**Work request**
Write out the whole listing exactly; no images belong in it.

**The data**
○ ○ ○ ○
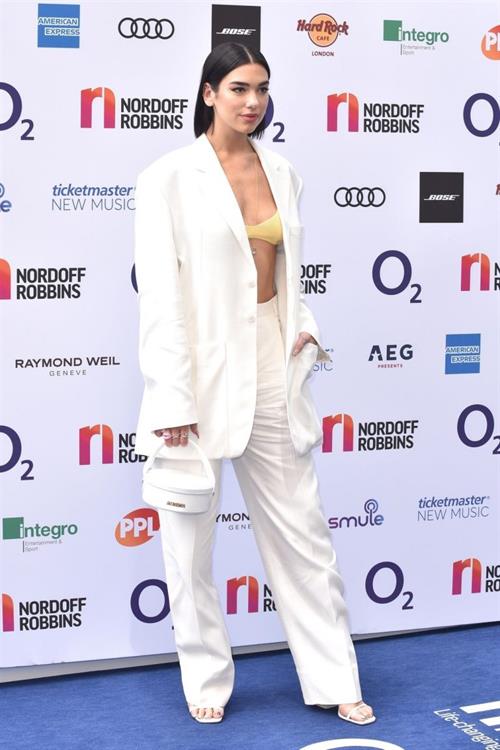 Dua Lipa looking hot in a sexy revealing top seen by paparazzi.





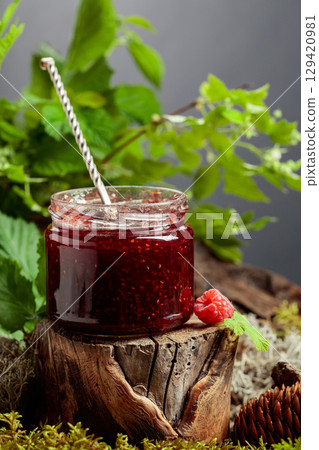 A jar of raspberry jam with fresh berries on an old tree trunk in the forest. A jar of raspberry jam with fresh berries on an old tree trunk in the forest. 129420981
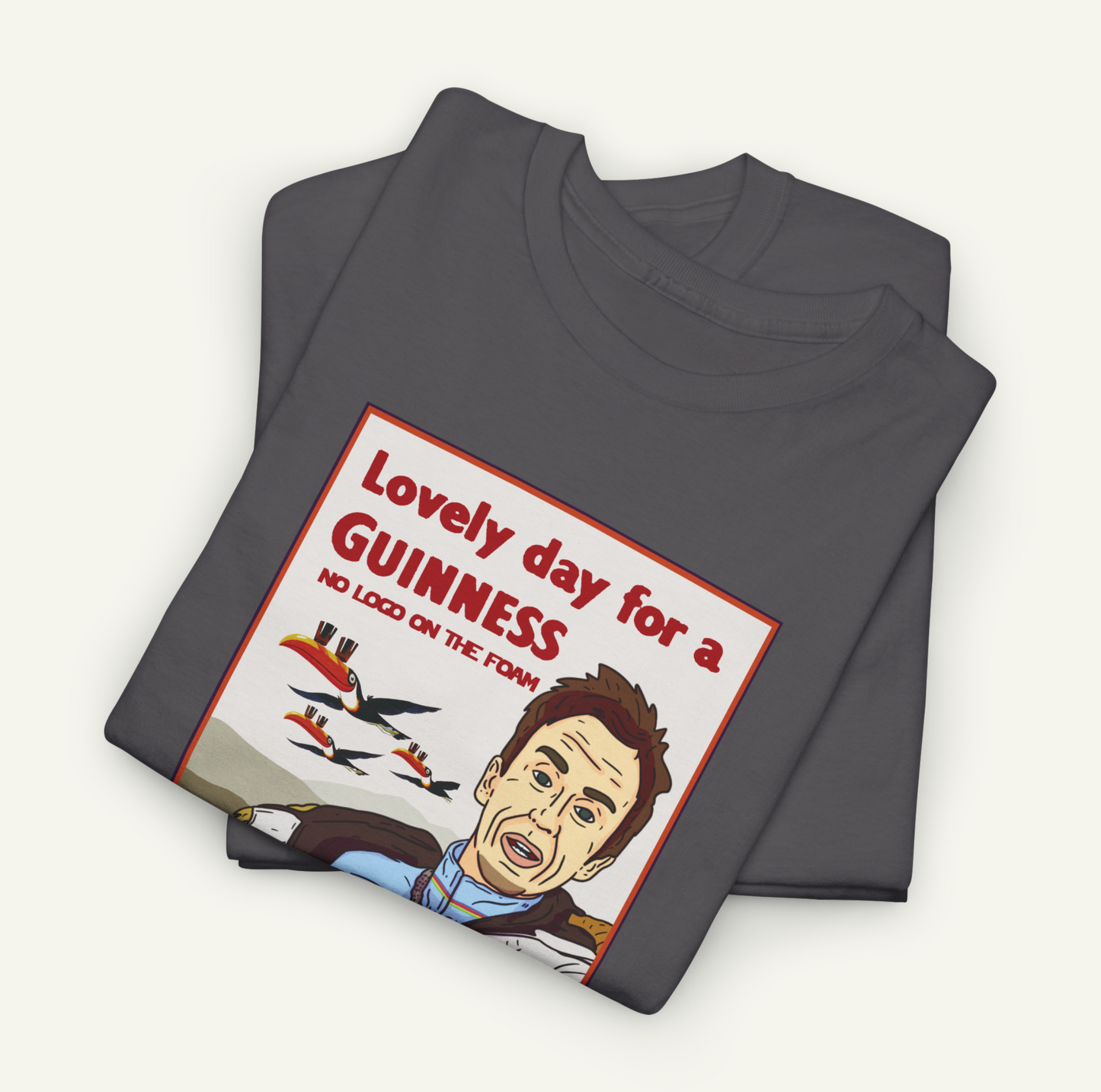 a gray t-shirt with a graphic design depicting a man's face and the text "Lovely day for a Guinness" printed on it.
○ ○ ○ ○
**Your solution**
 Dua Lipa looking hot in a sexy revealing top seen by paparazzi.





 A jar of raspberry jam with fresh berries on an old tree trunk in the forest. A jar of raspberry jam with fresh berries on an old tree trunk in the forest. 129420981
 a gray t-shirt with a graphic design depicting a man's face and the text "Lovely day for a Guinness" printed on it.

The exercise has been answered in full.